** Provided material **
———

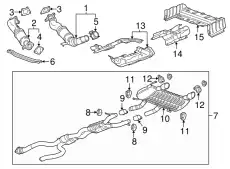 F-MUFFLER 23167680 GM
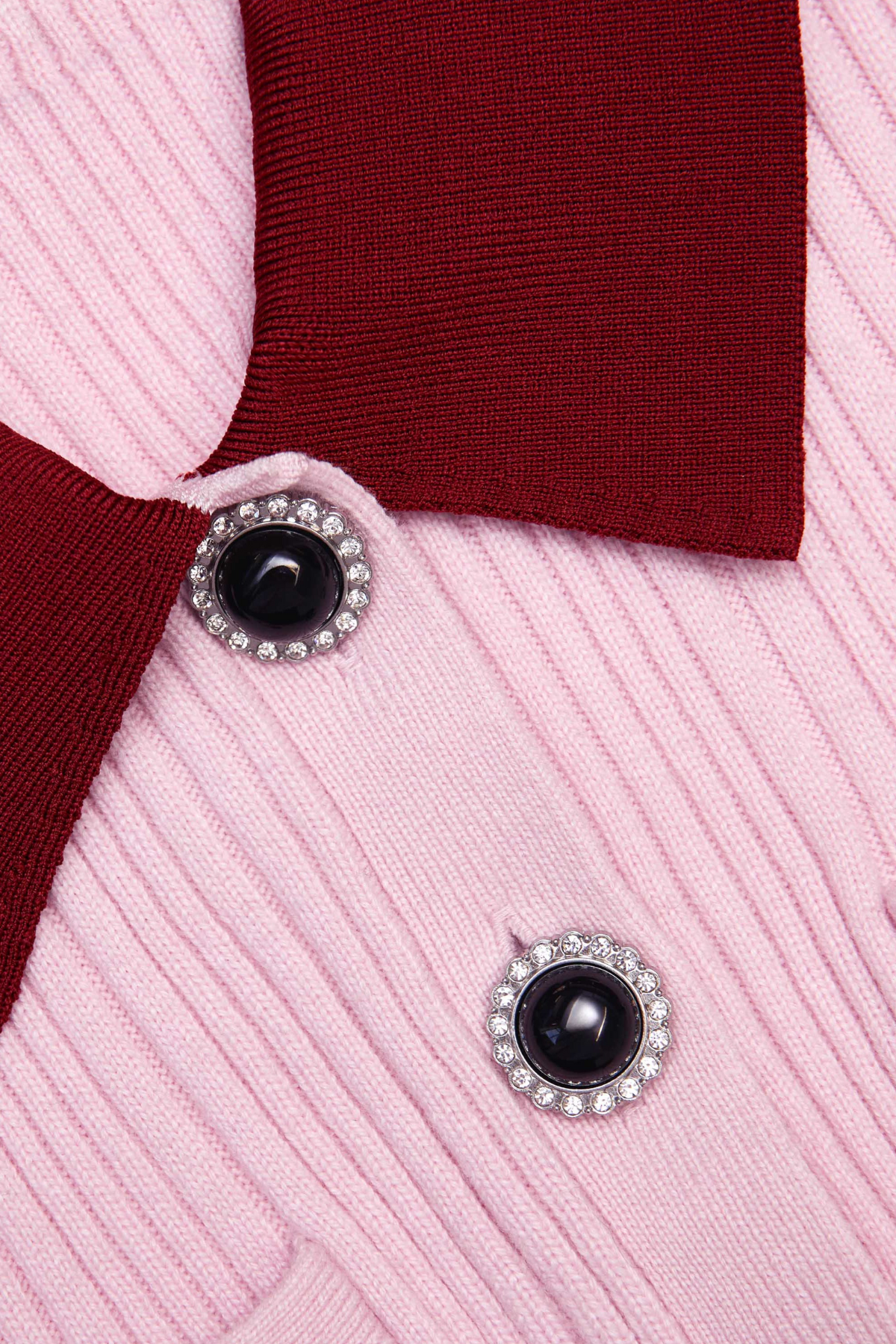 Loma Contrast Collar Knit Mini Dress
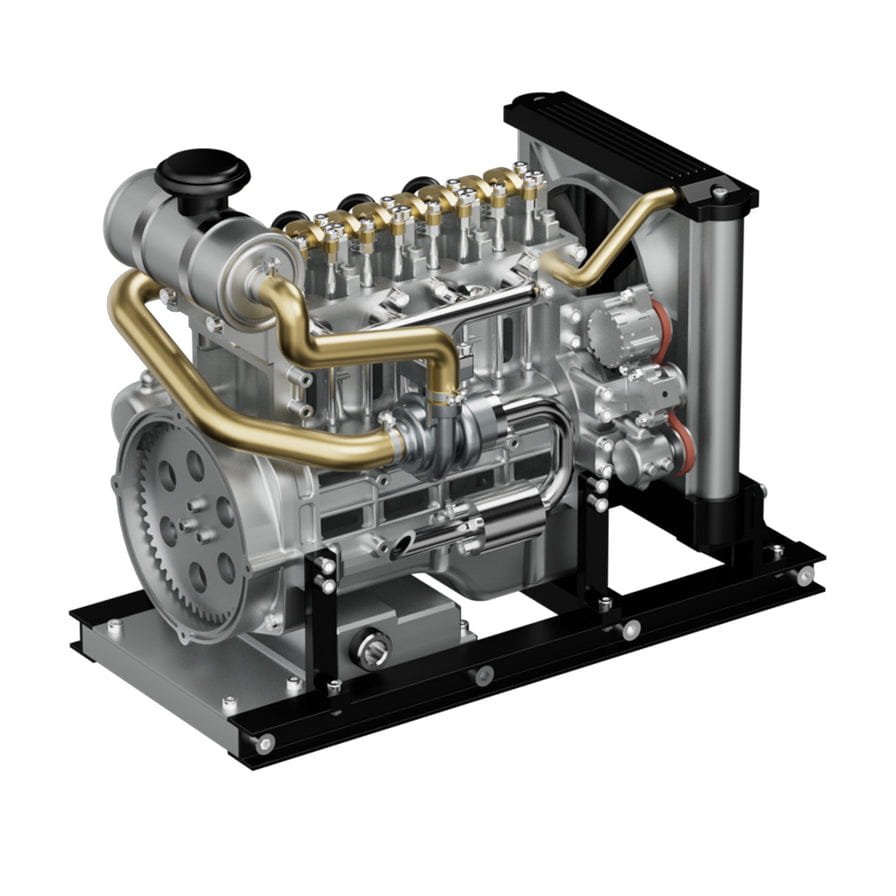 Thicon Diesel-Motor 4-Zylinder Metall, Bausatz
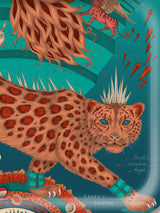 Rectangular Tray 'Snow Leopard' Forest - 27x20 cm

———

** Activity **
Word for word, repeat the material above and drop the pictures.

** Answer section **
 F-MUFFLER 23167680 GM
 Loma Contrast Collar Knit Mini Dress
 Thicon Diesel-Motor 4-Zylinder Metall, Bausatz
 Rectangular Tray 'Snow Leopard' Forest - 27x20 cm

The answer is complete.